As more artists enlisted, the project’s collection of illustrations grew over twice its original size. “Each time I’ve sent out a call for new art from illustrators in my industry, it comes in fast and gorgeous and loud, infused with hope for better times to come,” McGhee said in a press release.

Soon, Raising Our Voices Today postcards and posters hit over 1,000 downloads, Burstein said. The images could be spotted at worldwide “Families belong Together” events, from Seattle to Tokyo to Brooklyn.

“People are responding and taking this art and carrying it and using it in their own ways, which is exactly what we had hoped,” Burstein said.

The project did not end on June 30, however. When Sen. Dick Durbin called for letters of encouragement to separated children, Raising Our Voices Today listened. The site now features postcards in Spanish as well as illustrations for children who cannot yet read or write. “We are thinking of you” and “Your dreams are your wings,” the cards declare.

Raising Our Voices Today could not succeed anywhere besides Maplewood, Burstein said. After meeting her at a local children’s book panel a few years ago, she was not surprised to find such a powerful image on McGhee’s facebook page.

“It was so natural to me, when I saw this image, to reach out to her because we’re here, we’re in Maplewood,” Burstein said. “We know that we want to do things for our community.”

When Burstein sought help with graphics, she easily found it in a SOMA Facebook group.
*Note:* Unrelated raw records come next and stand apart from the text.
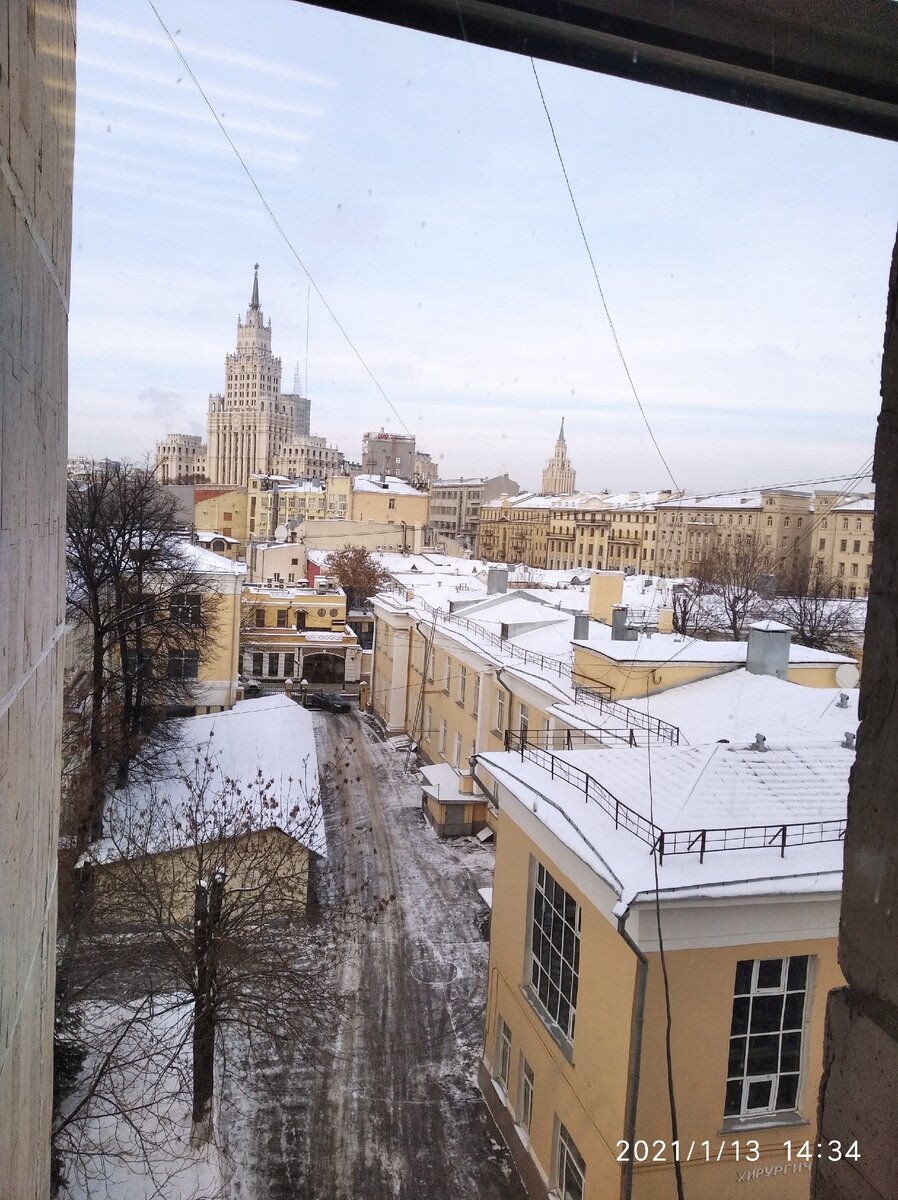 Вот такой красивый вид на Москву открывается из окна поликлиники.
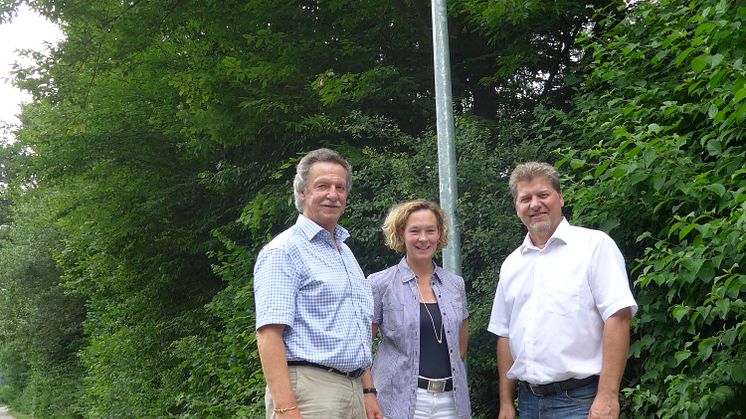 Presseinformation: Gemeinde Planegg, Gemeinde Neuried und Bayernwerk nehmen Radwegs Beleuchtung in Betrieb
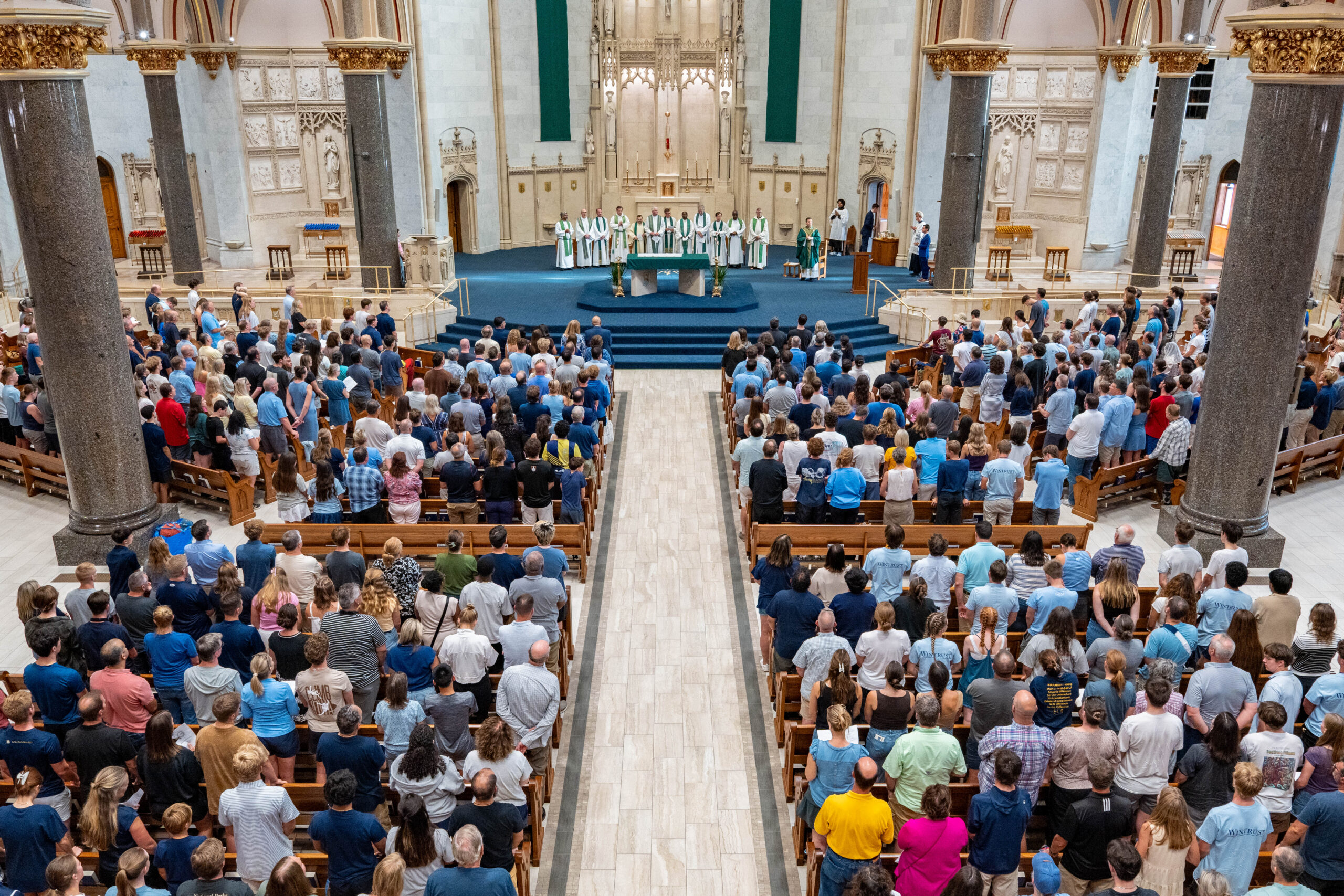 2026_08_Family_Mass-12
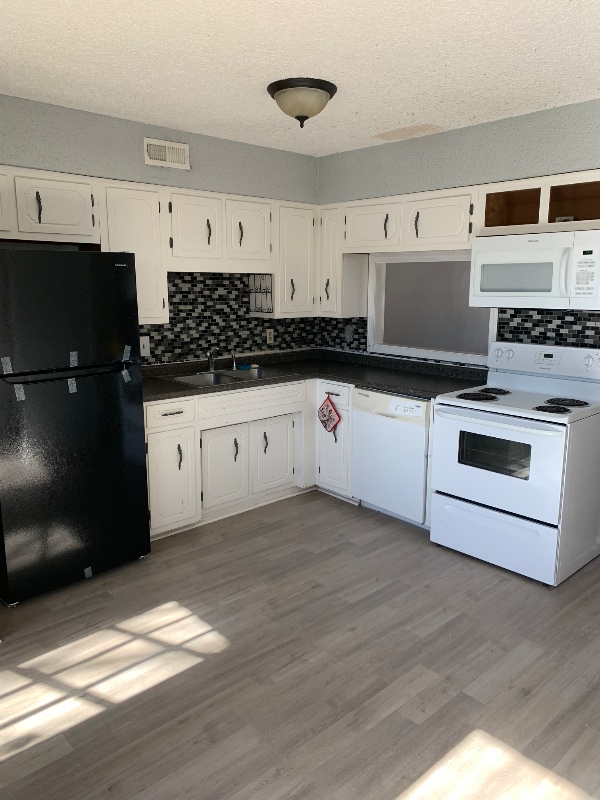 Photo - 208 Blue Ridge Dr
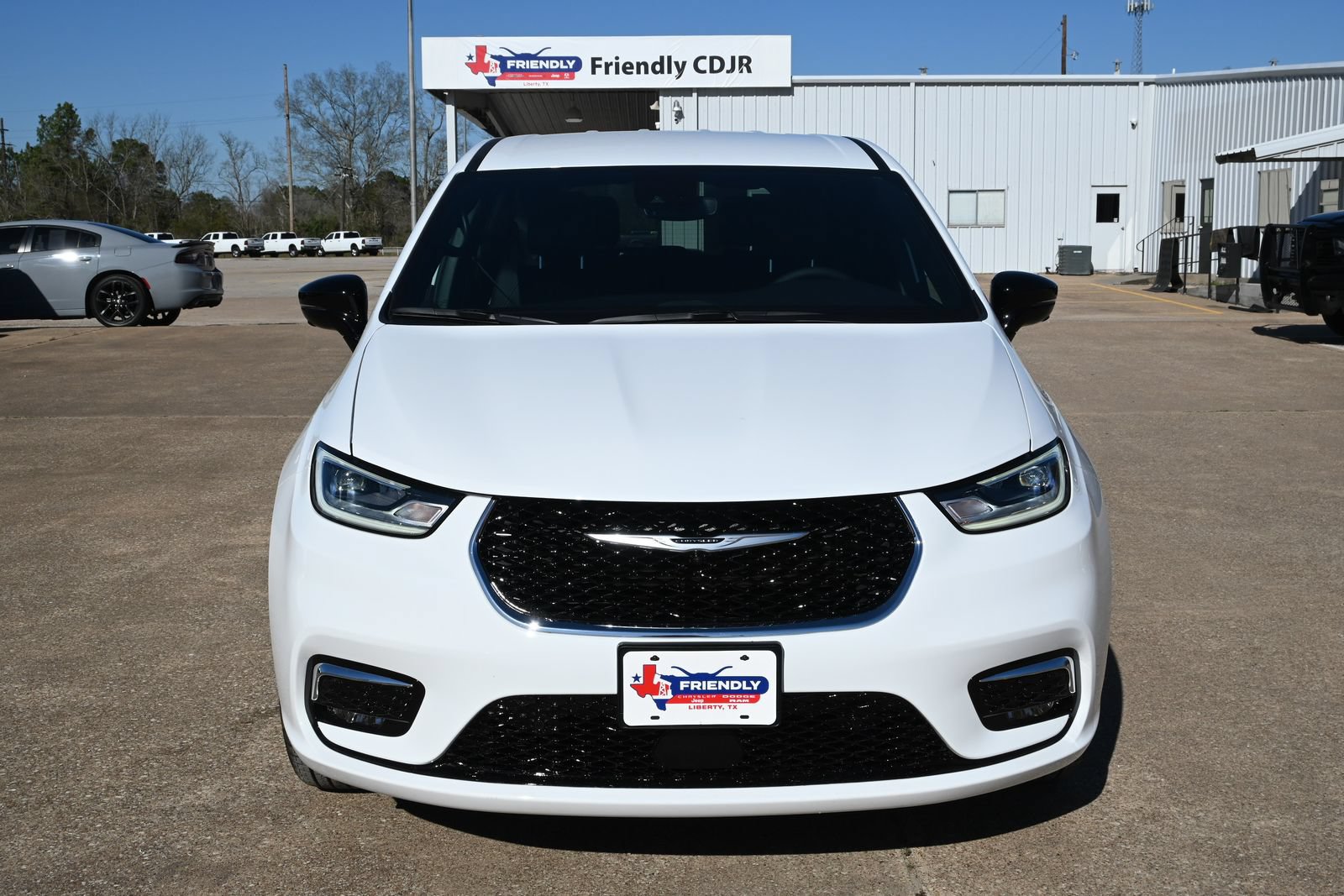 New 2026 Chrysler Pacifica Select AWD/4WD image 5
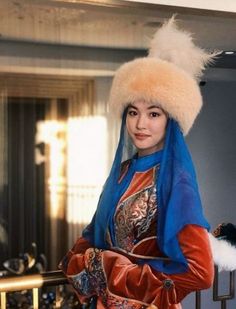 Chinese Warrior, Fur Dress, Blue Green Eyes, Fur Clothing, Traditional Fashion, Fashion People, Central Asia, Historical Clothing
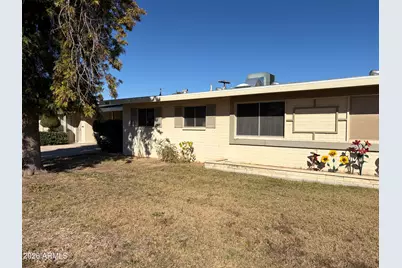 11024 W Abbott Avenue, Sun City, AZ 85351 - Photo 2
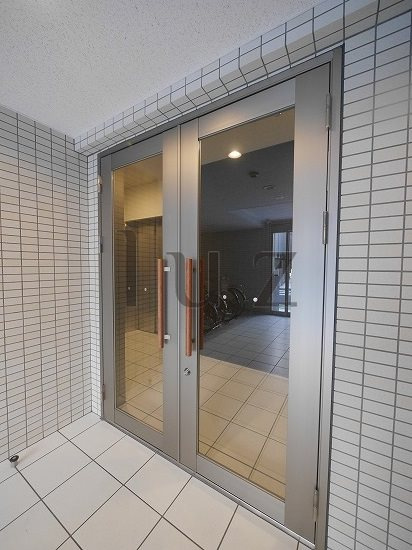 トゥットフェリーチェ横浜のエントランス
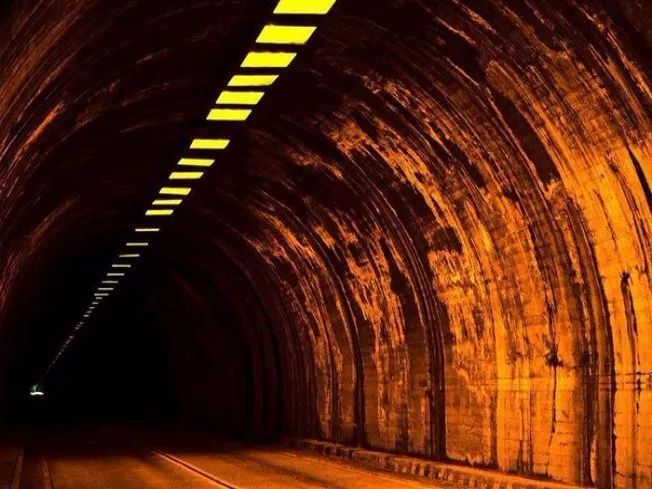 工程中易出现安全问题资料下载-轮廓反光设施中高速公路隧道工程应用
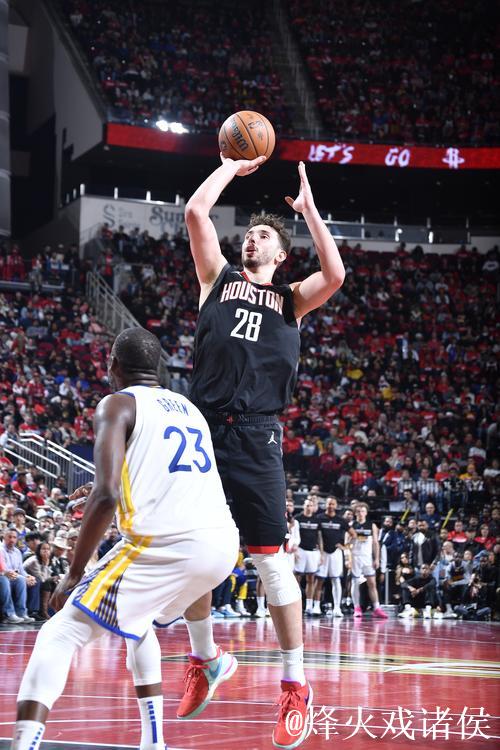 火箭官方发布全场比分海报：加时赛落败，战绩降至16胜7负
Maplewood resident and artist Jennifer McClory responded to her post and currently designs the Raising Our Voices Today postcards, Burstein said.

“I’m so grateful to be living here,” she said.

For those looking to get involved, Maplewood Library will hold a postcard-writing event on Wednesday, July 11, between 4 p.m. and 5 p.m. Residents can send Raising Our Voices Today images to children isolated from their families.